The original hit version in 1934 was recorded by Rudy Vallée, released by RCA Victor. It was revived in 1953 by The Hilltoppers, in the 1960s by The Vogues, and again in 1984 by country music singer Tom T. Hall. A number of other versions have also been recorded. The lyrics describe somebody writing a love letter to their partner.

==Recorded versions==
- The Angels released a version in 1960 while they were still called The Starlets.
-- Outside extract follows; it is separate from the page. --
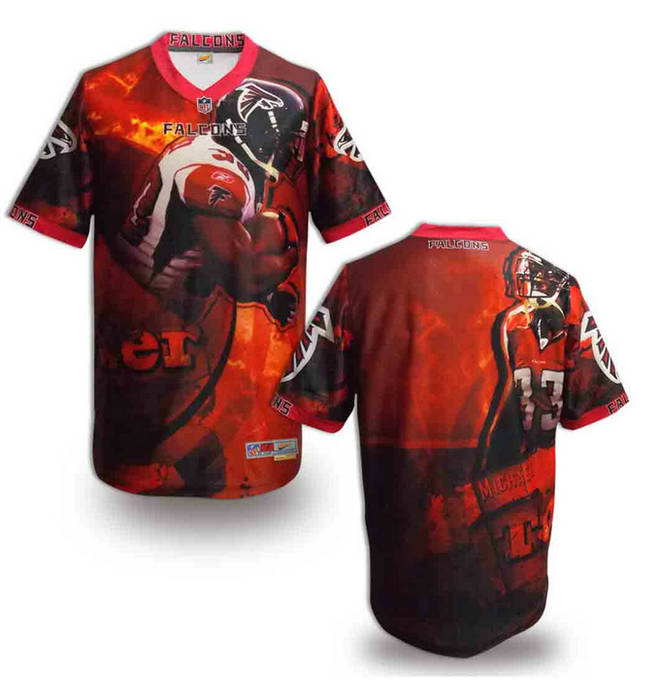 Atlanta Falcons blank fashion NFL jerseys(2)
The version went to number 106 in the U.S.
- Rosemary Clooney - Rosemary Clooney Sings the Lyrics of Johnny Mercer (1988)
- James Darren - Gidget Goes Hawaiian / James Darren Sings the Movies (1961)
- Bob Dylan - Triplicate (2017)
- The Four Vagabonds - Apollo 1057 (1947); reissued Lloyds 45-102 (1953)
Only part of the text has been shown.